Please give back, word for word, each line from the start of the entries through the one in which "焼鳥 にしき - ブリオッシュにレバーパテ" is found.

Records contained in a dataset
BEGIN

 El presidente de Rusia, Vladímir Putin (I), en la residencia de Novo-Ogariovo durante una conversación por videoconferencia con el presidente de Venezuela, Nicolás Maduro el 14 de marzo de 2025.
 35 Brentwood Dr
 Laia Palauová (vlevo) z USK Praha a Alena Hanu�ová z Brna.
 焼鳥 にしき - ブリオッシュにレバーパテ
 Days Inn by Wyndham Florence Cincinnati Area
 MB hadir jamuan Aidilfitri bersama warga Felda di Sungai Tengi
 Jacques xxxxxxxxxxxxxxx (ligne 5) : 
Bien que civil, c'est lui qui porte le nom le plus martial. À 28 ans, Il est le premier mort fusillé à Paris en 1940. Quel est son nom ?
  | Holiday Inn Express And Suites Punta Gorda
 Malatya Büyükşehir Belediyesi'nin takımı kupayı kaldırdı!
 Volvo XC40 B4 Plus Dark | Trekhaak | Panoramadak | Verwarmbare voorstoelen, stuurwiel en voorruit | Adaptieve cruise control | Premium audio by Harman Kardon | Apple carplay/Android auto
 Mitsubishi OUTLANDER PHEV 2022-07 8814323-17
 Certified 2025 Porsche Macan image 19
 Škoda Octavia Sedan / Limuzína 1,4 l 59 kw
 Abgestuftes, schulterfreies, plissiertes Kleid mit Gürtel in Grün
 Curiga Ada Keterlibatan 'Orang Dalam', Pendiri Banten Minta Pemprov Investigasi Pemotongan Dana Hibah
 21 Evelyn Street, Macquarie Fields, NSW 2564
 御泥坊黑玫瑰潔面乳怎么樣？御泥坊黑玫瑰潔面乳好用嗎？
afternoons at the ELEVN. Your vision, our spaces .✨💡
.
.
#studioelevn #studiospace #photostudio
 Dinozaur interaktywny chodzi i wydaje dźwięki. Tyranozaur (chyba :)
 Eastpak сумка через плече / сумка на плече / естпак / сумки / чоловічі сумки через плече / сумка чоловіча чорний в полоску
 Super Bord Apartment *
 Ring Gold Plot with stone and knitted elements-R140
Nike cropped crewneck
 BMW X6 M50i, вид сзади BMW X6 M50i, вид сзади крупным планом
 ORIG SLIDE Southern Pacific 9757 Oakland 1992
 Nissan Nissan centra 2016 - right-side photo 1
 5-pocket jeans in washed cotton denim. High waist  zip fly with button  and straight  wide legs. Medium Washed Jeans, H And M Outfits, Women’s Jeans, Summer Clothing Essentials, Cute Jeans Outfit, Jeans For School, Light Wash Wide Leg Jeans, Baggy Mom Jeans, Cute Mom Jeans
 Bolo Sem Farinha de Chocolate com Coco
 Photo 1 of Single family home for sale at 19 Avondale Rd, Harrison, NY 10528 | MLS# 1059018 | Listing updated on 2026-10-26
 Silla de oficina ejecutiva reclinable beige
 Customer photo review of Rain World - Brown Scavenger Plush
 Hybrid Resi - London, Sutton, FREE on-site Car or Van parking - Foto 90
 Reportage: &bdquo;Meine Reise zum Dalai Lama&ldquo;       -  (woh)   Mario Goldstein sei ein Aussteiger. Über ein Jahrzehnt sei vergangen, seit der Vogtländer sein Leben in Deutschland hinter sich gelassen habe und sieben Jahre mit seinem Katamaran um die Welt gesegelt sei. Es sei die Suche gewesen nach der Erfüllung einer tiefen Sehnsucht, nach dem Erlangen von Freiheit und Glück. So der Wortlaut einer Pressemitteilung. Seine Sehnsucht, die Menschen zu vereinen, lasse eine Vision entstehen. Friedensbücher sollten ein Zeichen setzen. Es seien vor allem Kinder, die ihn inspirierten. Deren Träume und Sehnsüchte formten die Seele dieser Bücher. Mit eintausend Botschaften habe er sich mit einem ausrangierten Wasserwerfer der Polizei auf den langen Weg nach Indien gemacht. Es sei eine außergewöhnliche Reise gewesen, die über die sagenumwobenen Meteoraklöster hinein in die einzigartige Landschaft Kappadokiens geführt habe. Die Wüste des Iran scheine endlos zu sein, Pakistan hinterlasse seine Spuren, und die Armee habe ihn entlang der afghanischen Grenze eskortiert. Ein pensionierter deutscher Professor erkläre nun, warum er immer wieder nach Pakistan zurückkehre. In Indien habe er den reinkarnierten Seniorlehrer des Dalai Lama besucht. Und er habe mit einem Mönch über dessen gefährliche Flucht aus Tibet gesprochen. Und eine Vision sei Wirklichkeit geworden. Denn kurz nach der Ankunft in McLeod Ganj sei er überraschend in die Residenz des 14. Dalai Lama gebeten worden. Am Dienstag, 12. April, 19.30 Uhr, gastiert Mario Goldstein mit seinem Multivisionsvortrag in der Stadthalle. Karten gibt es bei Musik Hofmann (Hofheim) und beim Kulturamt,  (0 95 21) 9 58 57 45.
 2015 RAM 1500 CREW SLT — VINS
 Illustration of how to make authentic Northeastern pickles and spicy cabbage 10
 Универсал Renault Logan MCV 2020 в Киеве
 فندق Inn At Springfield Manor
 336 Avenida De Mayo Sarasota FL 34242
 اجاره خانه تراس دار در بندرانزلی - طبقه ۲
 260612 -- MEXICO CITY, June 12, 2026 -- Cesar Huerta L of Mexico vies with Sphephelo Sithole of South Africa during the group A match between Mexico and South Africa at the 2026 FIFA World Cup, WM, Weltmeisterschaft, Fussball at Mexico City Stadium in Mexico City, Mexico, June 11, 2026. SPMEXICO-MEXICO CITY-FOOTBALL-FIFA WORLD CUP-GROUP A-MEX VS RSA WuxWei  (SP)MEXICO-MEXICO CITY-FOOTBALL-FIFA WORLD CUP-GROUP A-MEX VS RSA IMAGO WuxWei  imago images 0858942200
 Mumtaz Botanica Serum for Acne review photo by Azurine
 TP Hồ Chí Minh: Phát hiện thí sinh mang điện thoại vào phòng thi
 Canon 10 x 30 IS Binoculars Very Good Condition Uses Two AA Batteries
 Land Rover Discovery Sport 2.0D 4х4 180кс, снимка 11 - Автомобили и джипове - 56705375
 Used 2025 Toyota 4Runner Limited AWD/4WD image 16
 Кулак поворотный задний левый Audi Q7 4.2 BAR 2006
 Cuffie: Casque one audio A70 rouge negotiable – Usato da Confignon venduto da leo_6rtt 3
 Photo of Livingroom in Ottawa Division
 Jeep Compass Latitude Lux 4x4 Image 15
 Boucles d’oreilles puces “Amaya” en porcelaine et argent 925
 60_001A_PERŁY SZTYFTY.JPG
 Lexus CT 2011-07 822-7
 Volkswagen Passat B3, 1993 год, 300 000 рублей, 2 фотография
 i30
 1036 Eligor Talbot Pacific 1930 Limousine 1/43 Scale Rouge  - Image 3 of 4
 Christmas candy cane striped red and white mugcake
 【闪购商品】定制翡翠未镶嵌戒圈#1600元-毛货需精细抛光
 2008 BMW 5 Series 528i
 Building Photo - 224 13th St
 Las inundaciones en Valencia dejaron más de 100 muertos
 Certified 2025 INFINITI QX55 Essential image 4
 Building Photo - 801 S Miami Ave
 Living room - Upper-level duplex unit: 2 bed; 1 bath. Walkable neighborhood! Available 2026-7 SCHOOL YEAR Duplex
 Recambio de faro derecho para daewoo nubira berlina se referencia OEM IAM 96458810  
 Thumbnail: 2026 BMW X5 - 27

END

▶ Solution for this exercise
 El presidente de Rusia, Vladímir Putin (I), en la residencia de Novo-Ogariovo durante una conversación por videoconferencia con el presidente de Venezuela, Nicolás Maduro el 14 de marzo de 2025.
 35 Brentwood Dr
 Laia Palauová (vlevo) z USK Praha a Alena Hanu�ová z Brna.
 焼鳥 にしき - ブリオッシュにレバーパテ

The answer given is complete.